>>>>>

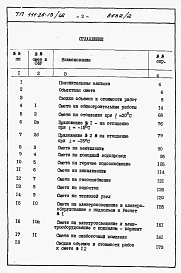 Альбом 2 Раздел 8-1.85 Сметы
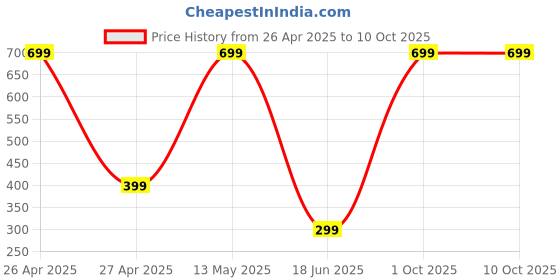 myntra.com ARTBUG Black Showpiece artbug Price History Graph from 26 Apr 2025 to 10 Oct 2025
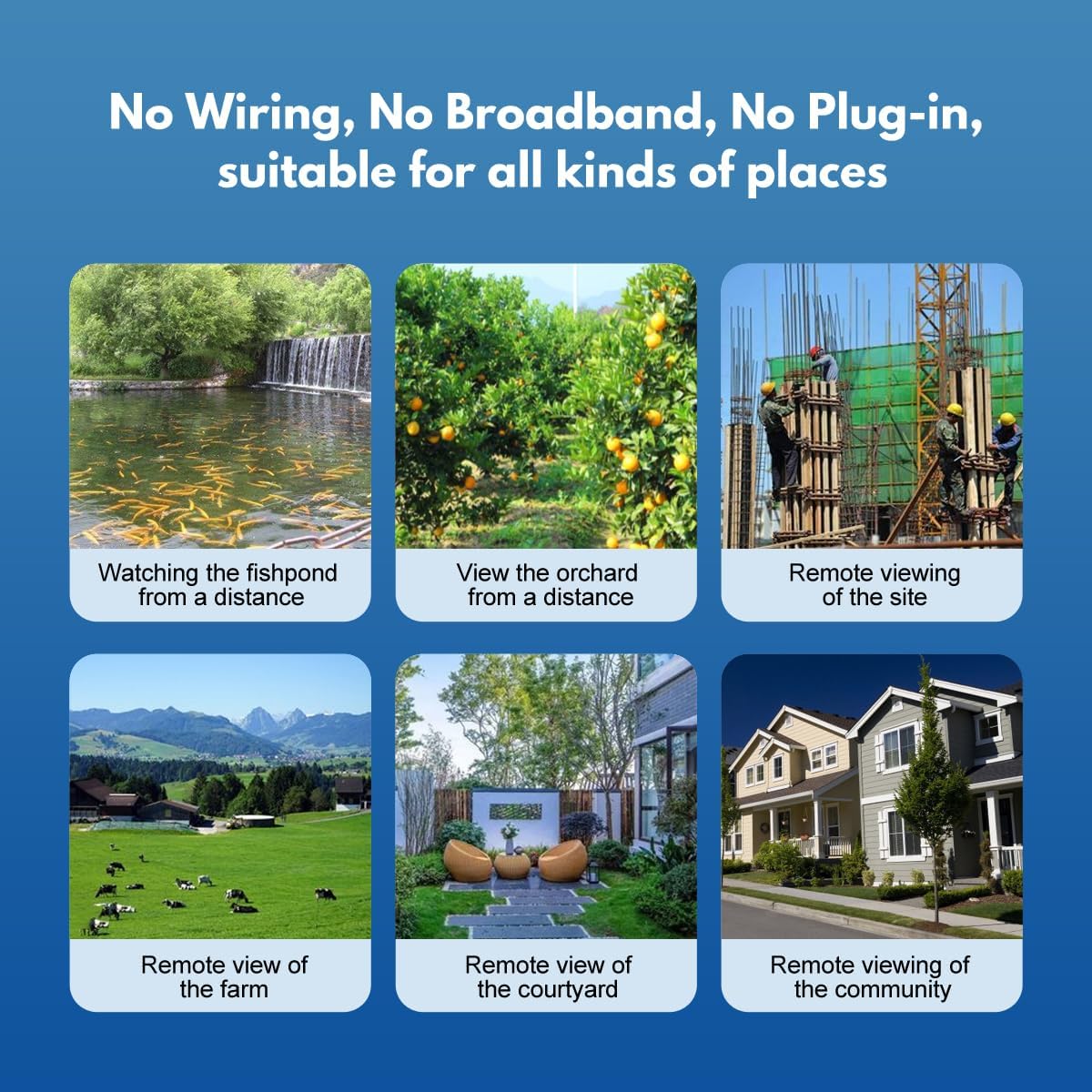 Anti-Lost Pet Tracker With Geofence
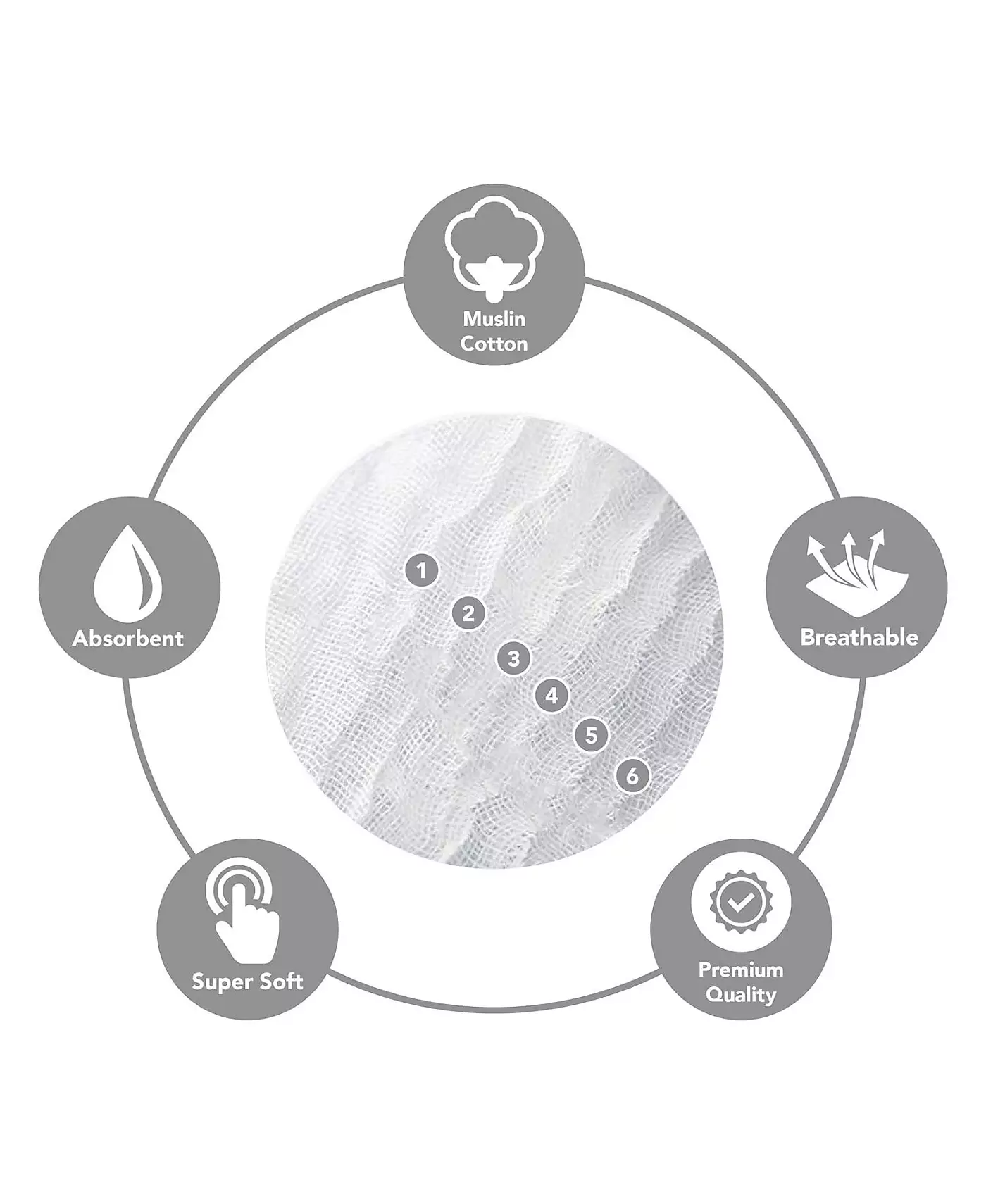 Муслиновые салфетки для срыгивания Comfy Cubs, упаковка из 6 шт.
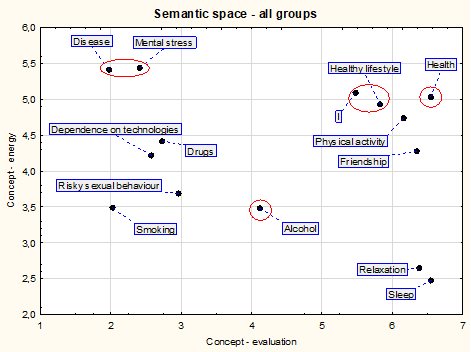 Semantic space of the concepts for all students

<<<<<

▶ [Problem] Nothing but the lines from the one holding "Anti-Lost Pet Tracker With Geofence" to the end of the entries above should be echoed, exactly and with both ends included; omit the pictures.

▶ [Output for this task]
 Anti-Lost Pet Tracker With Geofence
 Муслиновые салфетки для срыгивания Comfy Cubs, упаковка из 6 шт.
 Semantic space of the concepts for all students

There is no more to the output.